Prompt:
Look below for the line that contains "Stunning Black Crepe", then copy it and each following line exactly, through and including the line that contains "Golf Simulator Impact".

Data:
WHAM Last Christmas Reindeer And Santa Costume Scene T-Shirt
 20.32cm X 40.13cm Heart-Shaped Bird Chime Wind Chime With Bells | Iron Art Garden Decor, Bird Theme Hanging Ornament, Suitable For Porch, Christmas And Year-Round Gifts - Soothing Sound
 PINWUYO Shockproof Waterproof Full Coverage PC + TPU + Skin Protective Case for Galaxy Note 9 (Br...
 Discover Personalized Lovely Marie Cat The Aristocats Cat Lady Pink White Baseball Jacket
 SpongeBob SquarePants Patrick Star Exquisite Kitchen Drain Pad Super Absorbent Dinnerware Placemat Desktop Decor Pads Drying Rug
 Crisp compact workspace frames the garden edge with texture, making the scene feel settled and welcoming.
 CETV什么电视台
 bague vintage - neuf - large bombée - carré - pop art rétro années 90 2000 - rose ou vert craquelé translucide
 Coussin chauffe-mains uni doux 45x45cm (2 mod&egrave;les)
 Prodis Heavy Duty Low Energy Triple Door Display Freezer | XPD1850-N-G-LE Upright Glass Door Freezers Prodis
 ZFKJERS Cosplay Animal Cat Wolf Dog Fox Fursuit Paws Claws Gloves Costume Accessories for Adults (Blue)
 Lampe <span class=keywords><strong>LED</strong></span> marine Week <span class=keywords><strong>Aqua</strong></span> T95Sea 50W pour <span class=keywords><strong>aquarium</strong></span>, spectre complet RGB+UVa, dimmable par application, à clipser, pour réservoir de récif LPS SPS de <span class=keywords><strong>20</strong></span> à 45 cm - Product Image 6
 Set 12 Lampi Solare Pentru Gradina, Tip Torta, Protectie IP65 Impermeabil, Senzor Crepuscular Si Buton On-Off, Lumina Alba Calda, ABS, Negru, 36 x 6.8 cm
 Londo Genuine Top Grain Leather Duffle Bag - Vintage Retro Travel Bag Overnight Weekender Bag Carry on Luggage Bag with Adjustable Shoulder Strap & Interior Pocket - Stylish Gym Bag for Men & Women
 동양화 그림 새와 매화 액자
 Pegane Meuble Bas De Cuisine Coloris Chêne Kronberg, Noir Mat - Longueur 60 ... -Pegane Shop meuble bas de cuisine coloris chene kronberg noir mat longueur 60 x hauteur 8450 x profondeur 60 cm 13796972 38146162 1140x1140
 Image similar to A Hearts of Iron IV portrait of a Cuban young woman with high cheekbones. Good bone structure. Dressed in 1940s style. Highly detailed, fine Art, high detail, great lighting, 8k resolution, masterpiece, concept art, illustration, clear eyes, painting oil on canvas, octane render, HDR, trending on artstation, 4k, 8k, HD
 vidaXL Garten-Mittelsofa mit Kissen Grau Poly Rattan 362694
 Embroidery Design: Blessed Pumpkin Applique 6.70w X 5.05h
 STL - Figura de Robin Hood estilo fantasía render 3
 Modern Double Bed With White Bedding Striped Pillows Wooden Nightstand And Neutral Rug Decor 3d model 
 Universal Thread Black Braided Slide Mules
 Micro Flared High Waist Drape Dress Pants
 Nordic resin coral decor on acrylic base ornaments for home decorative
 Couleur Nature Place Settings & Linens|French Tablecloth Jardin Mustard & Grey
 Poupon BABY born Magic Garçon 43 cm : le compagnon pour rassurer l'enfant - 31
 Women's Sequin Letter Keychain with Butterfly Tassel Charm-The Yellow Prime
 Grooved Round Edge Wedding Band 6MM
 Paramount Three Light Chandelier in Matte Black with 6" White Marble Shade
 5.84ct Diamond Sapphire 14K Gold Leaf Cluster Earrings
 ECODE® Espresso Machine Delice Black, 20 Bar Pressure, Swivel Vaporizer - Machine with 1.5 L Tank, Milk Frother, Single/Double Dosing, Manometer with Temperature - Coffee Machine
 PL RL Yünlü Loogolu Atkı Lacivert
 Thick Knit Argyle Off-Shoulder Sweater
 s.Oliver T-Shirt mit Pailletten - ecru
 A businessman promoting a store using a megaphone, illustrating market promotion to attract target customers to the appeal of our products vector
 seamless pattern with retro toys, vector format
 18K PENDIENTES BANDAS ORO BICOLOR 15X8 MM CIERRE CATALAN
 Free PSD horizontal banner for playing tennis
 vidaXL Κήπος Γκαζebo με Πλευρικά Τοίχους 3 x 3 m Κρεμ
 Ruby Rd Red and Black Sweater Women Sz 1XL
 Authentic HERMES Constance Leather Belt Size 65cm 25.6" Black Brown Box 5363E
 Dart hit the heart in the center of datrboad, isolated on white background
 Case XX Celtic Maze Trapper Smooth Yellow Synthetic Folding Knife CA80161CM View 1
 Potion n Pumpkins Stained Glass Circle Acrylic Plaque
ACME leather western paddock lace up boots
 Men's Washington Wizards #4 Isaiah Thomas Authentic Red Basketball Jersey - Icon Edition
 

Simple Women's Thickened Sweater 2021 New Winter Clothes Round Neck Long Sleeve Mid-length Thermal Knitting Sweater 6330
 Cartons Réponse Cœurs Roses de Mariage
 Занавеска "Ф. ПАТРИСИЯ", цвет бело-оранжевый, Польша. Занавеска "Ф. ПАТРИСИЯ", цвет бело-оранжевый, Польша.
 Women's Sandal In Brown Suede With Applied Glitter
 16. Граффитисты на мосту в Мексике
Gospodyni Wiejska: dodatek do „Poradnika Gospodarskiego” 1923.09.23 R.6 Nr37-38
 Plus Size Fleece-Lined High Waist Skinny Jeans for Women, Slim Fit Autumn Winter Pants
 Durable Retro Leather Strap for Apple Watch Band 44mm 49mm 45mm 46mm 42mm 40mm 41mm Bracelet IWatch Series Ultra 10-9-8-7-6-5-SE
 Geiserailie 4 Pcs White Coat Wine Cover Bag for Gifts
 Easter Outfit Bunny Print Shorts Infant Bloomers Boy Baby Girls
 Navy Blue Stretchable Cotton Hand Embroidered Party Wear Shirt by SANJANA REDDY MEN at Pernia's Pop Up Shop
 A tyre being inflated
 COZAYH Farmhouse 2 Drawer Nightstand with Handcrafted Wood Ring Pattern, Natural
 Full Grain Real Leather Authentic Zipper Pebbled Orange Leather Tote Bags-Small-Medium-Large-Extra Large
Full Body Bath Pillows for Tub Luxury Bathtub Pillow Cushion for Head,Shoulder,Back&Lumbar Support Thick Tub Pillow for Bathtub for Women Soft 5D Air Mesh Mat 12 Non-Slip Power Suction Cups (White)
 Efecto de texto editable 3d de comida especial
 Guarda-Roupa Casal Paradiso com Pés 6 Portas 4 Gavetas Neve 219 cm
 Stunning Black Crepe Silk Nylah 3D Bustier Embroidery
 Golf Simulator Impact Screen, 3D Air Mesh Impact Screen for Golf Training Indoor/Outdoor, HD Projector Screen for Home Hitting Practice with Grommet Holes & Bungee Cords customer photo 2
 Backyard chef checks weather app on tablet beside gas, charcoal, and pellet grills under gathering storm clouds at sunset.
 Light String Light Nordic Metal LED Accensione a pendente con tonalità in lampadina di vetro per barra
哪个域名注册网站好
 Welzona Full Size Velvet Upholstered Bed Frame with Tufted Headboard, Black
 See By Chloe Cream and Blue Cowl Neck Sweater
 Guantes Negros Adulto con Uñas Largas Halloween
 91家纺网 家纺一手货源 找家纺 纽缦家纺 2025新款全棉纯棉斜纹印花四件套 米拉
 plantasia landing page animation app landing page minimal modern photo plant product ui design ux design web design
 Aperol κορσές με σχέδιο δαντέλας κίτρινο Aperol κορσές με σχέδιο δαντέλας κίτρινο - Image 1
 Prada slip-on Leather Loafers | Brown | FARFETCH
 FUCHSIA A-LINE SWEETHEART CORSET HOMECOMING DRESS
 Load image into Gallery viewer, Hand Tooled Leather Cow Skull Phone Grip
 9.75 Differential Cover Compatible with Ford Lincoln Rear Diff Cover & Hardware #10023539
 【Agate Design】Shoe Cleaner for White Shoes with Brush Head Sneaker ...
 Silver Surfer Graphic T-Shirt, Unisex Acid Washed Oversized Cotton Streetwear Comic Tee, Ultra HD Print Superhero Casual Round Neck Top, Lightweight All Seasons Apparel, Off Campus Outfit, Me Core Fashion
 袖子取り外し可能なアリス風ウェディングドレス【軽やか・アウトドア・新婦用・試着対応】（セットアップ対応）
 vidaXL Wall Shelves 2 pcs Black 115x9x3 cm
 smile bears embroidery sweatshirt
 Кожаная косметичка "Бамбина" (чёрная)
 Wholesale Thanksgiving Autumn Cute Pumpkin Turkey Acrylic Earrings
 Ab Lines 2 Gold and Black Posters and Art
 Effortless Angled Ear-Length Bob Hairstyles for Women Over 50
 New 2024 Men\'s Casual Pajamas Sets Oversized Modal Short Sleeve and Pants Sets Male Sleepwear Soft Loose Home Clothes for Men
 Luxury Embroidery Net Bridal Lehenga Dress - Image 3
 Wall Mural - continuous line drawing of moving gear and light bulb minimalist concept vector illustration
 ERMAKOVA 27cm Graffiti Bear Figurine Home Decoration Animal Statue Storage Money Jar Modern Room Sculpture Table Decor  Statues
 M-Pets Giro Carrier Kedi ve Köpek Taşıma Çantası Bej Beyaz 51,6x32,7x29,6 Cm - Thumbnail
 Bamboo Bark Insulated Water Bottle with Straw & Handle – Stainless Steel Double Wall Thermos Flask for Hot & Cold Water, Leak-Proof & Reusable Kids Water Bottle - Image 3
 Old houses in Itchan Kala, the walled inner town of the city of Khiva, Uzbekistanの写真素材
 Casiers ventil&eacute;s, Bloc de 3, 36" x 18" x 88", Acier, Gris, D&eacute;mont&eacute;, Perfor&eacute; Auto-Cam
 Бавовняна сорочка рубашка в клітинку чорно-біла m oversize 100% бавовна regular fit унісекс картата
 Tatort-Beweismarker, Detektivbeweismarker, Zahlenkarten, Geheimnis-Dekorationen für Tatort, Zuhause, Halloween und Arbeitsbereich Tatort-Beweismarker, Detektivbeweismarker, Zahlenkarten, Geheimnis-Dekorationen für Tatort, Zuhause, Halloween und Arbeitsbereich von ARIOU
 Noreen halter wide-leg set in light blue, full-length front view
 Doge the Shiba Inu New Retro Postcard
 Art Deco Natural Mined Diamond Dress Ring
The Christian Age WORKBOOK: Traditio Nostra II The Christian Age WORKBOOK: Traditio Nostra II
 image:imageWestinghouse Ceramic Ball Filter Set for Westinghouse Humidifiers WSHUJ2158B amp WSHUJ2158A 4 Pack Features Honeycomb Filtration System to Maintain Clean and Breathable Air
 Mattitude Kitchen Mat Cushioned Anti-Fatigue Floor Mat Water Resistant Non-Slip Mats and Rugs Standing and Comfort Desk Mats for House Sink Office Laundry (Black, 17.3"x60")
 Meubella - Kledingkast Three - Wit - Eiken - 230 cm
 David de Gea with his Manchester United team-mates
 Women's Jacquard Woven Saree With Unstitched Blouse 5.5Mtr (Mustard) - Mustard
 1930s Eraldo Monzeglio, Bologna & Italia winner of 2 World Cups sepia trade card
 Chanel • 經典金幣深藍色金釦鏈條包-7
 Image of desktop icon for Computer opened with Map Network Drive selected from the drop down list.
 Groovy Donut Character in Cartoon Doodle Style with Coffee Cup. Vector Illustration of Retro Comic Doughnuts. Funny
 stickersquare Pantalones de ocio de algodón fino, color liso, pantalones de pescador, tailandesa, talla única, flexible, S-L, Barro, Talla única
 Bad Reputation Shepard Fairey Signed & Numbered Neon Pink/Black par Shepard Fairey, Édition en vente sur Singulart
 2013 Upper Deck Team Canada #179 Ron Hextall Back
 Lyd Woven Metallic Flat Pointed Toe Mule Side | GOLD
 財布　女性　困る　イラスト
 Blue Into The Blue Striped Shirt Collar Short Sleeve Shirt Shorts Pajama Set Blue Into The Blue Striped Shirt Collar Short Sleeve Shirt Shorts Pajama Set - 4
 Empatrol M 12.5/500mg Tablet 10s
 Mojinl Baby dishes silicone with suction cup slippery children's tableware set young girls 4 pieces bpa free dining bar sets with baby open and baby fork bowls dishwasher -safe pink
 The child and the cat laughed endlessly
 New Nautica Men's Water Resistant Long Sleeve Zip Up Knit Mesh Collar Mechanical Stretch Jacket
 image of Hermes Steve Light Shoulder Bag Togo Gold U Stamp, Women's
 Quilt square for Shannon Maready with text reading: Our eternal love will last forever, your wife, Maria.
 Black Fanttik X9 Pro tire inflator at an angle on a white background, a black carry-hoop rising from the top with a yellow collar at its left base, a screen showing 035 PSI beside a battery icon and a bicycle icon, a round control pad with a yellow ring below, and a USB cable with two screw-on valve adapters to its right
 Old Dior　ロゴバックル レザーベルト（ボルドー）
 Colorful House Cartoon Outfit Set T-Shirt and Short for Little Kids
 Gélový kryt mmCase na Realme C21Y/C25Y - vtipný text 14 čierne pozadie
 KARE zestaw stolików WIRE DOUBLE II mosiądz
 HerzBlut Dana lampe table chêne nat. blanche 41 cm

Task answer:
 Stunning Black Crepe Silk Nylah 3D Bustier Embroidery
 Golf Simulator Impact Screen, 3D Air Mesh Impact Screen for Golf Training Indoor/Outdoor, HD Projector Screen for Home Hitting Practice with Grommet Holes & Bungee Cords customer photo 2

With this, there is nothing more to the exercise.